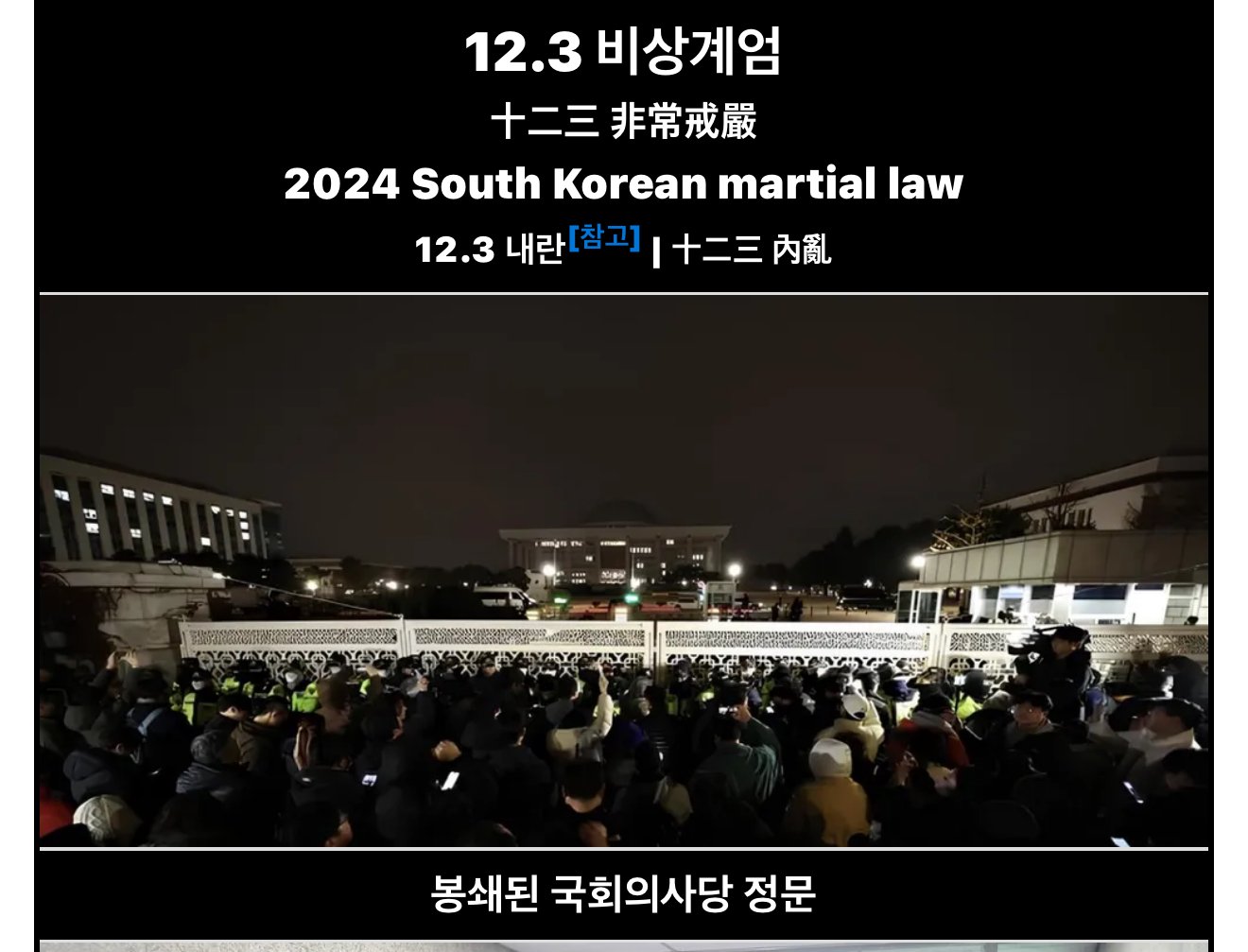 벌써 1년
---
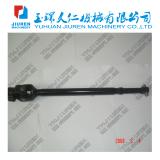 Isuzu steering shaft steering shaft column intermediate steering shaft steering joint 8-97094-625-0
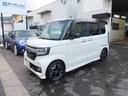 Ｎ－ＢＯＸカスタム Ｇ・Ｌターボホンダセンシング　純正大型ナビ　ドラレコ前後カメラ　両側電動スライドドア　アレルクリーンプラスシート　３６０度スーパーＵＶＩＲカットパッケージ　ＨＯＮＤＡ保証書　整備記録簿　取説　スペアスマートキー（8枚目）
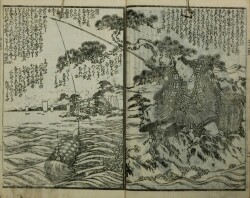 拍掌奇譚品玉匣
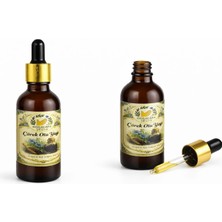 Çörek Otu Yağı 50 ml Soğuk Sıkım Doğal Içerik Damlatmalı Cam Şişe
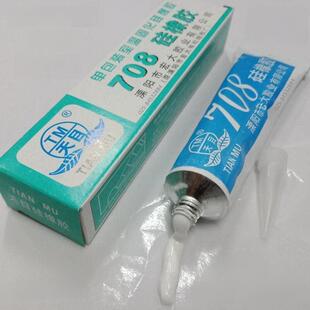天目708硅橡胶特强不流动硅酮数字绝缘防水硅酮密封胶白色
---
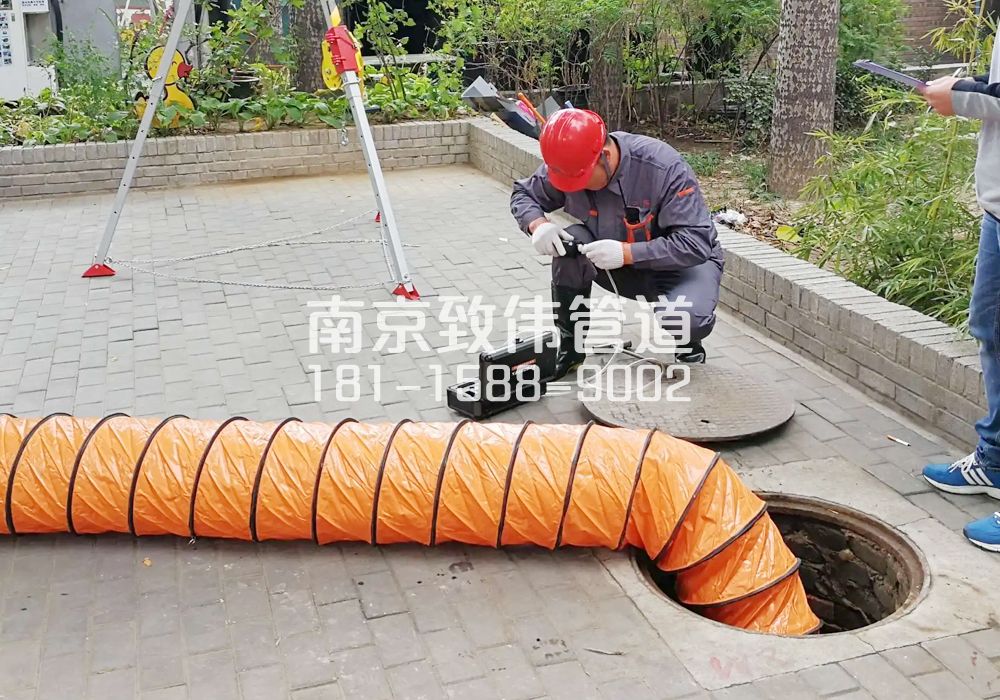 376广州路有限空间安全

**Task requirements**
Quote the data above exactly from the line with "Ｎ－ＢＯＸカスタム Ｇ・Ｌタ" to the line with "天目708硅橡胶特强不流动硅酮数字绝缘防水硅酮密封胶白色", both ends counted, and nothing else. Pictures don't go in.

**Solved problem**
 Ｎ－ＢＯＸカスタム Ｇ・Ｌターボホンダセンシング　純正大型ナビ　ドラレコ前後カメラ　両側電動スライドドア　アレルクリーンプラスシート　３６０度スーパーＵＶＩＲカットパッケージ　ＨＯＮＤＡ保証書　整備記録簿　取説　スペアスマートキー（8枚目）
 拍掌奇譚品玉匣
 Çörek Otu Yağı 50 ml Soğuk Sıkım Doğal Içerik Damlatmalı Cam Şişe
天目708硅橡胶特强不流动硅酮数字绝缘防水硅酮密封胶白色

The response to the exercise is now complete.